[Data records]
- - - - - - -
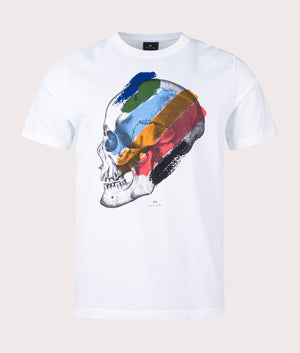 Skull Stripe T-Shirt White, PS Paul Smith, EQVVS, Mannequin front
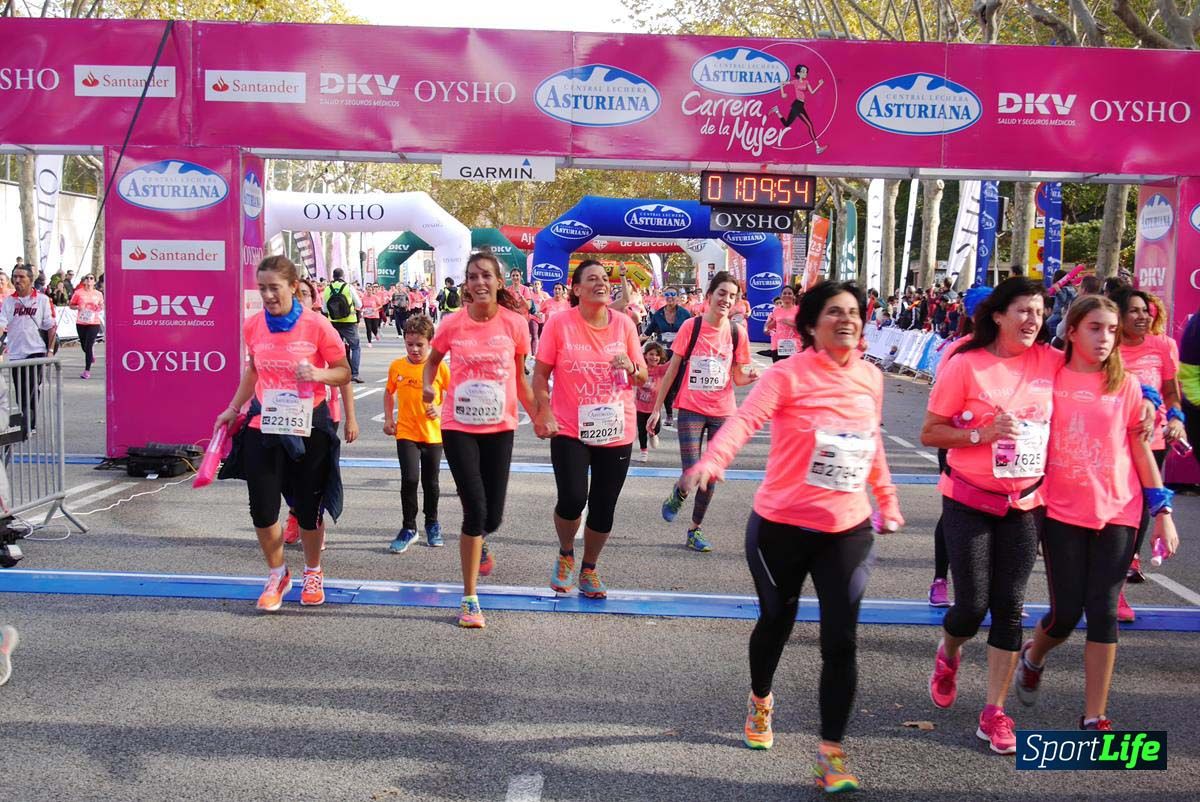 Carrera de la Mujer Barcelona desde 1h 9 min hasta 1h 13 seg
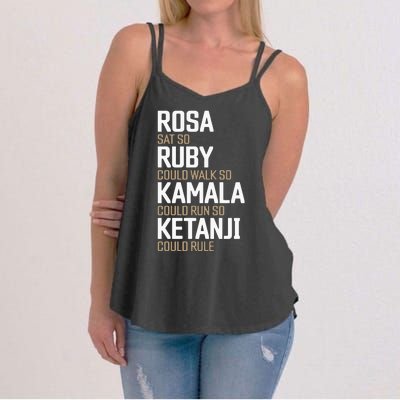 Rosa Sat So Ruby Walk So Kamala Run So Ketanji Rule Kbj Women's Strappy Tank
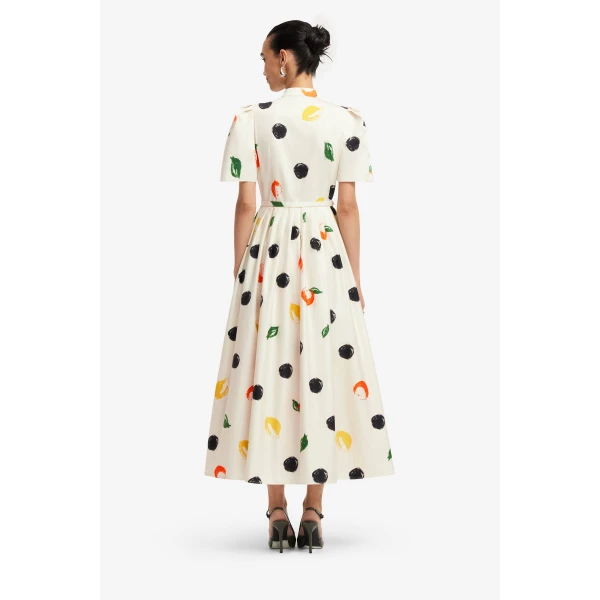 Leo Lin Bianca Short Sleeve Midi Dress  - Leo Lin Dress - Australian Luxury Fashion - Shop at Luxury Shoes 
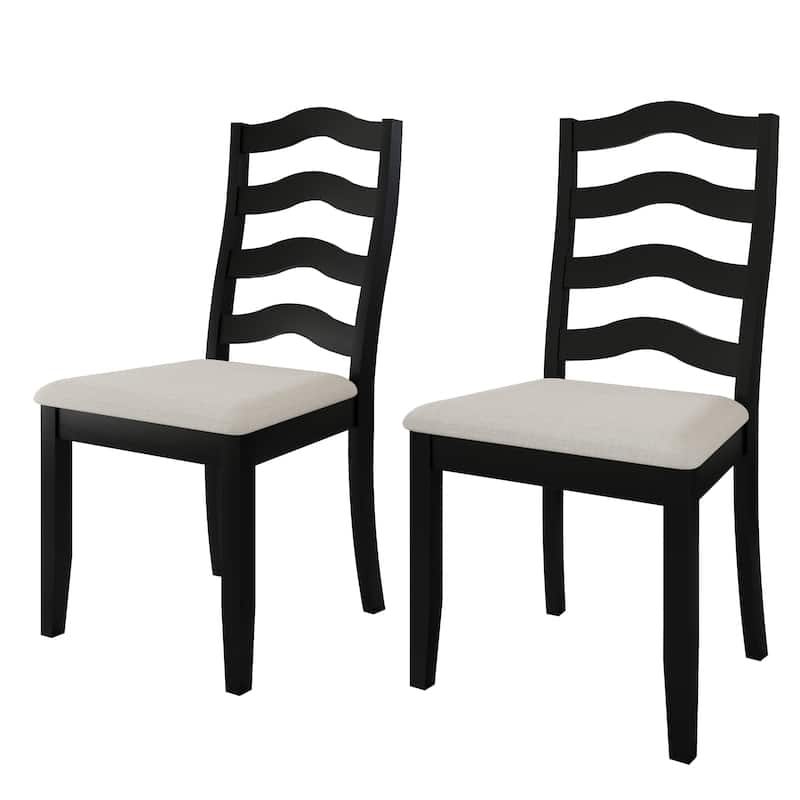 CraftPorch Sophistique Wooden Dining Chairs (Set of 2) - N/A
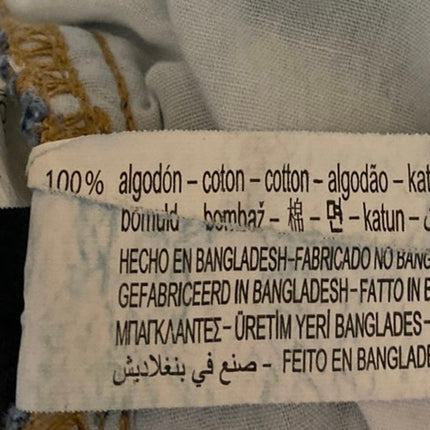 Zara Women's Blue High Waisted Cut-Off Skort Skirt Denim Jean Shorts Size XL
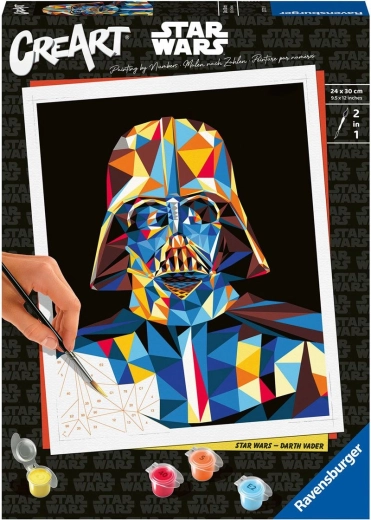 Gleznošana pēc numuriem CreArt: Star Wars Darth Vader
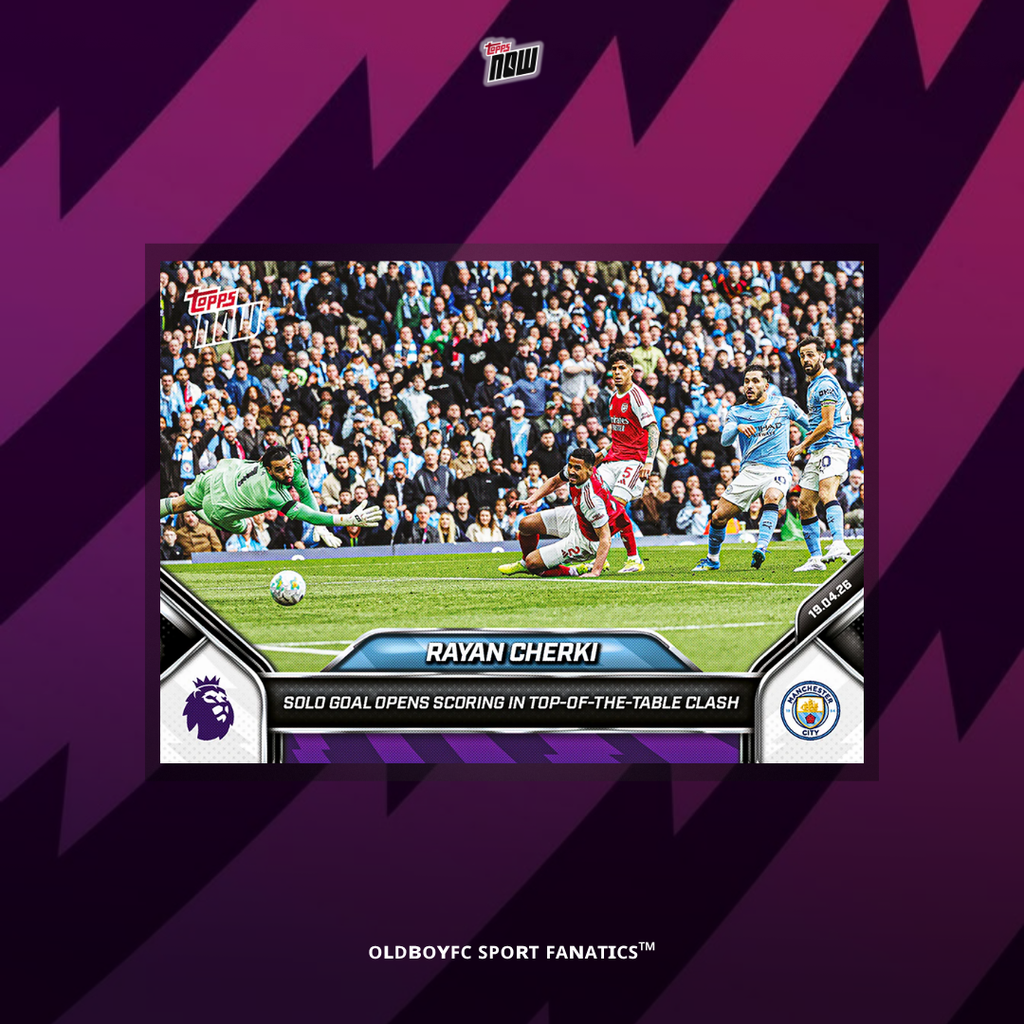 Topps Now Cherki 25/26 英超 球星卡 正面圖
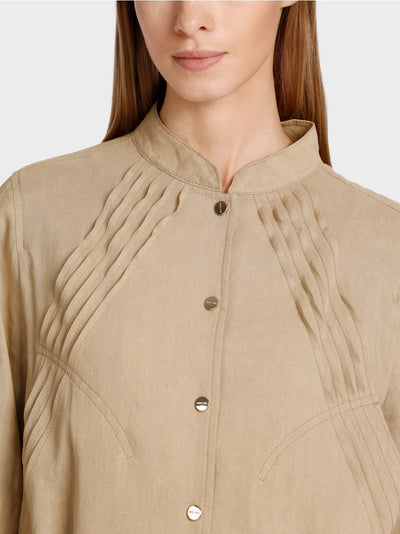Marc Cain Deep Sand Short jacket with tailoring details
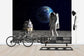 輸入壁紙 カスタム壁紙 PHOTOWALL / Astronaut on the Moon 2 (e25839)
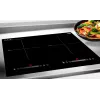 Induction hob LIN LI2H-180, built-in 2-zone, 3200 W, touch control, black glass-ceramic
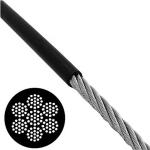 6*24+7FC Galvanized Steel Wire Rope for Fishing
- - - - - - -
Brief >>
Transcribe, word for word, the stretch of lines in the data above from the one with "Rosa Sat So" through the one with "CraftPorch Sophistique Wooden"; omit all pictures.

Task answer >>
 Rosa Sat So Ruby Walk So Kamala Run So Ketanji Rule Kbj Women's Strappy Tank
 Leo Lin Bianca Short Sleeve Midi Dress  - Leo Lin Dress - Australian Luxury Fashion - Shop at Luxury Shoes 
 CraftPorch Sophistique Wooden Dining Chairs (Set of 2) - N/A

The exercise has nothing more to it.